Supply disruptions will lead to higher oil prices this summer: Marshall Steeves
Oil edged forward after a US government report showed crude stocks fell, though the slower pace of declines and higher fuelmaking rates restrained upward momentum.
West Texas Intermediate futures gained 56 cents to regain US$110 a barrel Wednesday. Crude inventories fell both nationally and at the storage hub in Cushing as exports soared and Gulf Coast refiners pushed runs to their highest level since January 2020. With refineries accelerating output, fuel inventories fell at a slower pace than previous weeks, signaling some relief for tight markets.
“The oil market remains tight and crude prices seem like they will continue to be supported,” said Ed Moya, senior market analyst at Oanda.

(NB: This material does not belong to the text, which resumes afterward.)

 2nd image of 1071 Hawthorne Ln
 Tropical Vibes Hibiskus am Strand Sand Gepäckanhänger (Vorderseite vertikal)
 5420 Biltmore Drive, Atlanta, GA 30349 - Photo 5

The war in Ukraine has upended trade flows and fanned inflation worldwide, with pump prices in the US repeatedly breaking records. Unseasonably high gasoline exports from America are eroding domestic stockpiles ahead of the summer driving season that starts this weekend. Though government data this week suggested drivers may have begun to balk at record gas prices.
The US is leading a co-ordinated release of global crude reserves in an effort to tame rising energy prices. The Department of Energy made its latest announcement on the sale of strategic stockpiles, offering as much as 40.1 million barrels of predominantly sour crude.

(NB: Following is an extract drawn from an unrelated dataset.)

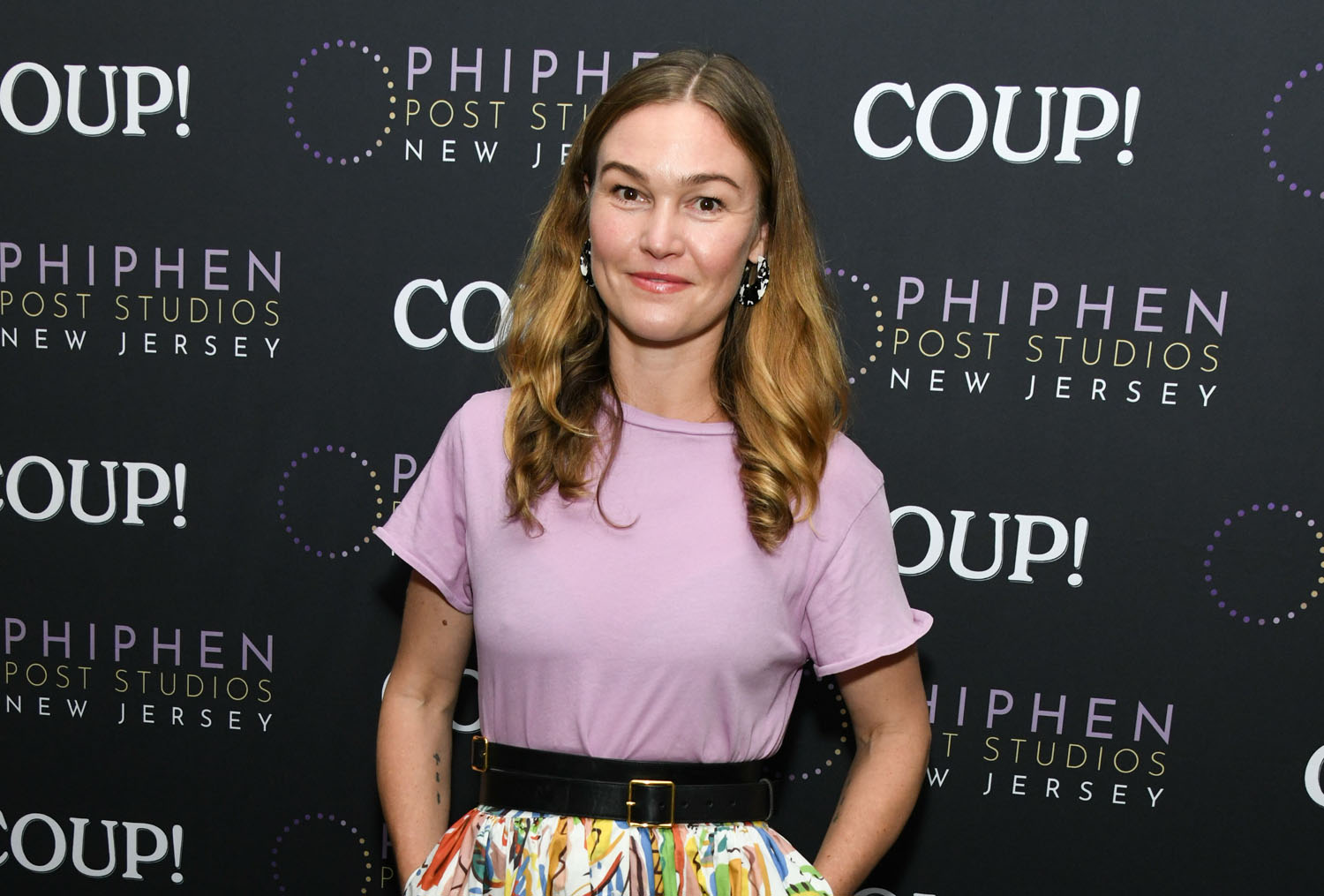 Julia Stiles appears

- WTI for July delivery rose 56 cents to settle at US$110.33 a barrel in New York
- Brent for July settlement rose 47 cents to US$114.03 a barrel, highest in over a week
The US and other producing nations are at odds on whether oil markets are balanced. Saudi Arabia’s foreign minister said earlier this week that the kingdom has done what it could for the oil market, adding that there was no shortfall of crude.
Despite calls from some nations for more oil production, Saudi Foreign Minister Prince Faisal bin Farhan said “oil supply right now is relatively in balance,” during a panel session at the World Economic Forum in Davos, Switzerland.
Saudi Aramco’s chief executive officer added that while oil markets are currently balanced, companies need to invest more in production to meet rising demand and prevent even higher price volatility.